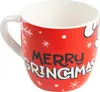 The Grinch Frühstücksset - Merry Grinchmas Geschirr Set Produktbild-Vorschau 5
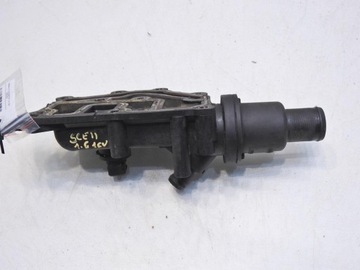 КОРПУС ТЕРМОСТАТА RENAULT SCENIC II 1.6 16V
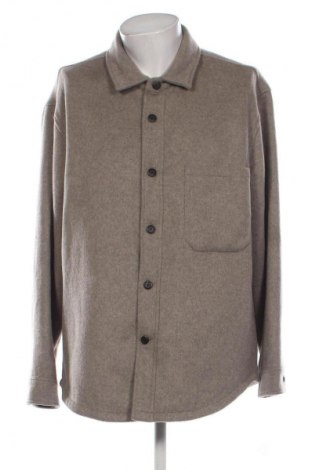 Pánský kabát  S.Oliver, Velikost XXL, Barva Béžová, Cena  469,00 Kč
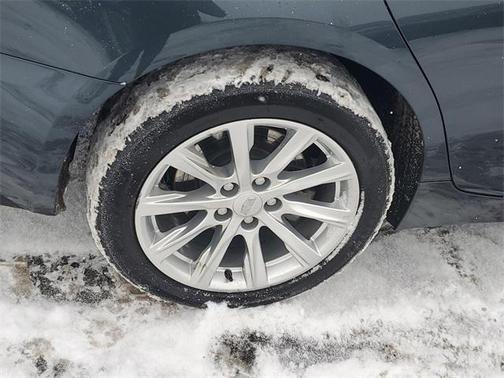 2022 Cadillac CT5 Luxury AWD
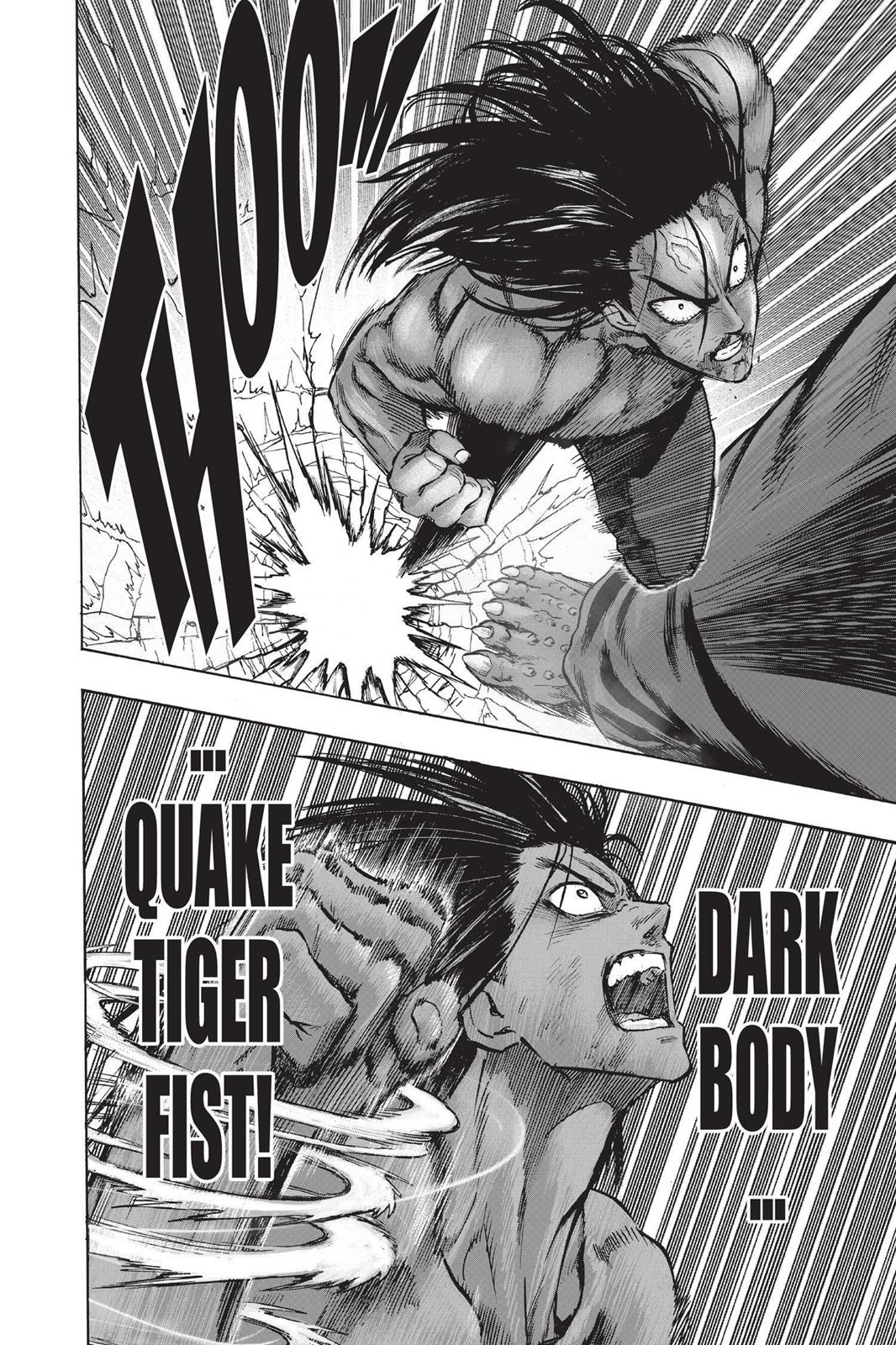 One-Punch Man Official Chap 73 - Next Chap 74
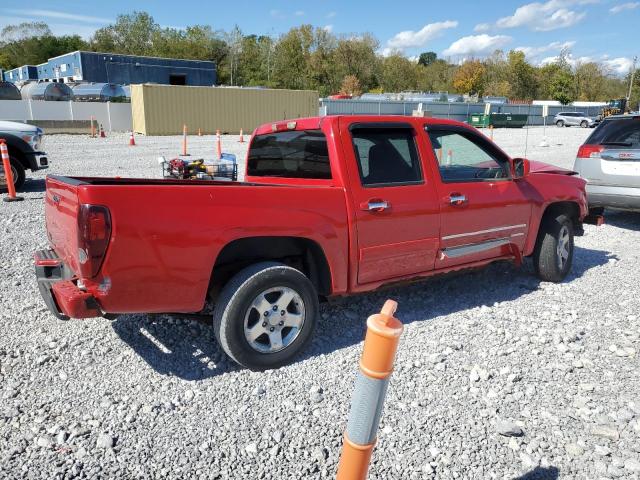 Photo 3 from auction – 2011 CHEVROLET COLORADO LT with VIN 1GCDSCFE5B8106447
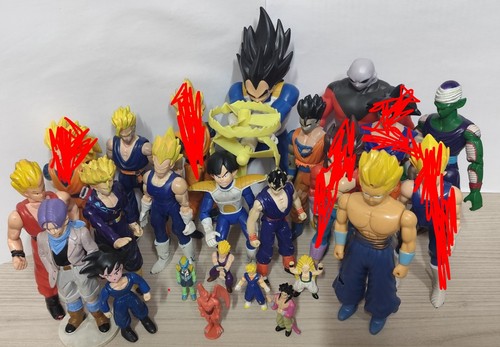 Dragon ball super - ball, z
★ ★ ★ ★
• What needs to be done: Please copy, exactly and only, the lines of the listing that run from the one holding "Velikost XXL, Barva" through its last line, and exclude pictures.

• Written response:
 Pánský kabát  S.Oliver, Velikost XXL, Barva Béžová, Cena  469,00 Kč
 2022 Cadillac CT5 Luxury AWD
 One-Punch Man Official Chap 73 - Next Chap 74
 Photo 3 from auction – 2011 CHEVROLET COLORADO LT with VIN 1GCDSCFE5B8106447
 Dragon ball super - ball, z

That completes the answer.